While Buckley's music never sold well, his following releases did indeed chart. Lorca alienated his folk base, while Blue Afternoon was criticized as boring and tepid, and "[not] even good sulking music." Blue Afternoon was Buckley's last album to chart on Billboard, reaching No. 192. Following the albums, Buckley began to focus on what he felt to be his masterpiece, Starsailor.

Starsailor contained free jazz textures under Buckley's most extreme vocal performance, ranging from high shrieks to deep, soulful baritone. This personal album included the more accessible "Song to the Siren", a song which has since been covered by This Mortal Coil, Robert Plant, John Frusciante, Bryan Ferry and Brendan Perry. The album was a critical and commercial failure.

Unable to produce his music and almost broke, Buckley turned to alcohol and drug binges. He considered acting and completed an unreleased low-budget film entitled Why? (1971). The film was an experimental use of the new medium video tape and was commissioned by Technicolor.

"Sex funk" period 

In 1970, Buckley disbanded his Starsailor ensemble and assembled a new funk band. He cut three albums, Greetings from L.A., Sefronia and Look at the Fool. Buckley had alienated much of his hippie fan base with his previous two albums, and his sexually frank lyrics ("whip me, spank me") prevented the songs from receiving airplay, although he retained a cult following.

In 1975, Buckley engaged the press regarding a live album comeback. He began performing revamped versions of material drawn from his career, except Starsailor and Lorca, in response to his audience, which he had spurned in the past.

Death 
On June 28, 1975, Buckley completed a short tour with a show in Dallas, playing to a sold-out crowd of 1,800 people. He celebrated the end of the tour with a weekend of drinking with his band and friends. On the night of June 29, he accompanied longtime friend Richard Keeling to his house. At some point, Keeling produced a bag of heroin, some of which Buckley snorted.

Buckley's friends took him home and, seeing his inebriated state, his wife Judy laid him on the living-room floor and questioned his friends as to what had happened. She moved Buckley into bed. When she checked on him later, she found that he was not breathing and had turned blue. Attempts by friends and paramedics to revive him were unsuccessful, and he was pronounced dead on arrival.

The coroner's report stated that Buckley died at 9:42 p.m. on June 29, 1975, from "acute heroin/morphine and ethanol intoxication due to inhalation and ingestion of overdose".

Aftermath 
Buckley's tour manager, Bob Duffy, said Buckley's death was not expected, but "was like watching a movie, and that was its natural ending."

Other friends saw his passing as predictable, if not inevitable. Beckett recalled how Buckley took chances with his life, including dangerous driving, drinking alcohol, taking pills and heroin.

Given the circumstances of his death, police charged Keeling with murder and distribution of heroin. At his hearing on August 14, 1975, Keeling pleaded guilty to involuntary manslaughter and, after failing to complete community service, was sentenced to 120 days in jail and four years' probation.

Buckley died in debt, owning only a guitar and an amplifier.
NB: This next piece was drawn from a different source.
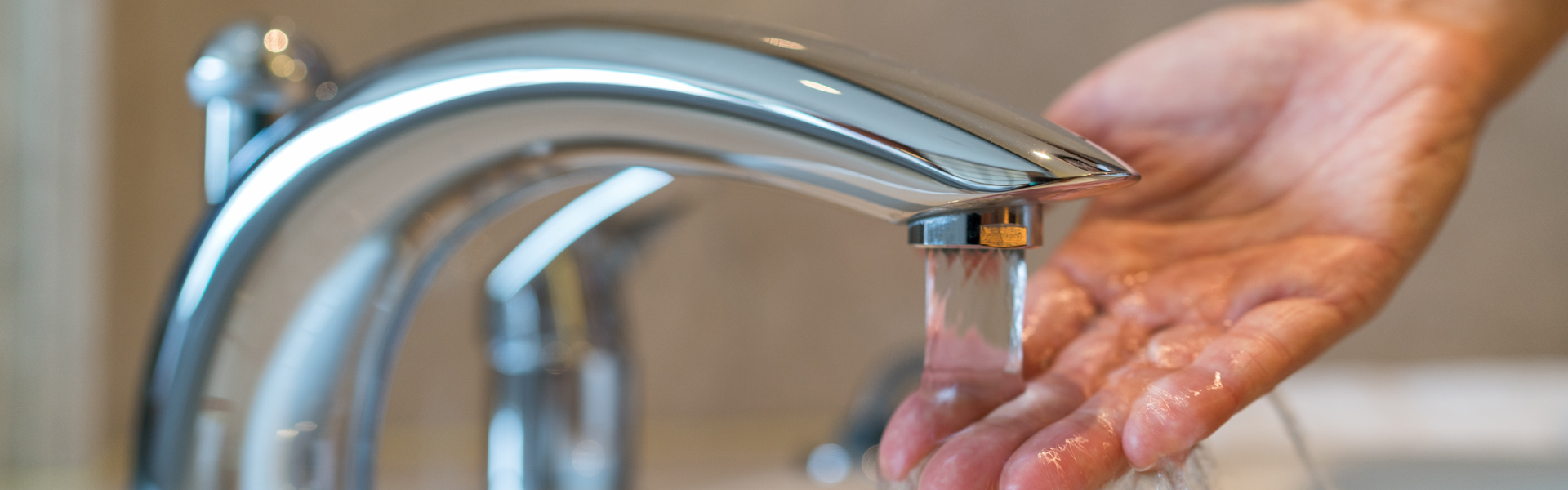 Tap running with a hand testing the temperature of the water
About 200 friends and family attended his funeral at the Wilshire Funeral Home in Santa Monica, including manager Herb Cohen and Lee Underwood. His 8-year-old son, Jeff, had met his father only once, and was not invited to the funeral. Jeff Buckley said not being invited to his father's funeral "gnawed" at him, and prompted him to pay his respects by performing "I Never Asked to Be Your Mountain" in 1991 at a memorial tribute to Buckley in Brooklyn, six years before his own accidental death.

Personal life
During French class in 1964, Buckley met Mary Guibert. Their relationship inspired some of Buckley's music, and provided him time away from his turbulent home life. His father suffered a head injury during the war which, along with a severe work-related injury, was said to have affected his mental balance. Buckley and Guibert married on October 25, 1965. The marriage was tumultuous and when Guibert became pregnant, Buckley found himself neither willing nor able to cope with marriage and fatherhood. The couple divorced in October 1966, about a month before their son, Jeff, was born.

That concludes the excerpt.